Pages

30 Kasım 2015 Pazartesi

Kitap Yorumu: Aşk Tüm Zamanların İçinden Geçer 2 - Safir Mavi


Merhabaaa

Ya ama ben burayı delicesine özledim. Öyle böyle değil. Elim boş gelmemek için de gereksiz bir şey yayınlamak istemedim. O yüzden kitabımı okudum, aklımda şekillendirdim her şeyi ve geldim. Bendeniz, vizelerden sağlam çıkan, günde üç kere notlar açıklanmış mı diye üniversite sitesine hücum eden ve aynı zamanda sosyal olup, kitap okuyan Jane. Tekrardan aranızdayım efenim.

Hem de tanıdık bir seriyle. Aşk Tüm Zamanların İçinden Geçer'i fena sevdim. O yüzden araya başka kitaplar koymadan direk Safir Mavi'yi okudum. Hatta şu an siz bu yorumu okuyorken ben Zümrüt Yeşil'i yarılamış bile olabilirim. :D Çünkü dün akşam ikinci kitap biter bitmez üçüncü kitaba başladım. Sebebi basit; dehşet'ül vahşet bir şekilde bitti. (How I Met Your Mother - Barney dilinden bir kelime.) 

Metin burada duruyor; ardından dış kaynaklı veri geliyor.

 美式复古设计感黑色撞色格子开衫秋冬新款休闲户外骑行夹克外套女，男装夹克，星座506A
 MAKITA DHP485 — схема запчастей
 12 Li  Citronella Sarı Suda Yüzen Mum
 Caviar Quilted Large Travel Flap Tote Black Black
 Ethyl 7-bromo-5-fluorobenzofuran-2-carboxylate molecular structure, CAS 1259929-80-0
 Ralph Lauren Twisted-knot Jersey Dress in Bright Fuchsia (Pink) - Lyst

İlk kitap da neymiş diyeceksiniz. Safir Mavi uçurdu beni. Tamam, aksiyon yok. Ama kitap o kadar akıcı ki... Gerçekten sayfaların ne ara değiştiğini anlamıyorum. Diyaloglar, olayların gelişmeleri falan çok anlaşılır gidiyor. Tek sorun şu zaman polemiği idi benim için ama kitabın sonunda ve son kitapta her şey yerine oturdu. Yazar çok derinlemesine düşünmüş ve olaylara çok takılı kalırsanız, benim gibi bir süre duvara boş boş bakıyor olabilirsiniz. :D 

Gelelim Safir Mavi'de neler oluyor. İlk kitabın sonu nasıl bittiyse hemen oradan devam ediyor. Gwen ve Gideon, zamandaki yolculuklarında karşılaştıkları Paul ve Lucy'den sonra olaylar iyice karışıyor. Çünkü, biliyorsunuz Paul ve Lucy son kronografı ortadan kaldırmak ve onun altındaki sırrı açığa çıkarmak istiyorlar. Bunun için de Gwen'le Gideon'un kanı lazım. O olaylar karışık. Hiç değinmiyorum. Çünkü bir sürü karakter ismi ve farklı zamandaki olaylar var. Onlardan söz edersem hem spoiler olur hem de yorum uzar da uzar. Asıl konu şu; Gwen ve Gideon yine zaman yolculukları yapıyorlar. Geçmişteki bazı şeyleri ön plana alıyorlar ve Kont'un davetlerine katılmak zorundalar.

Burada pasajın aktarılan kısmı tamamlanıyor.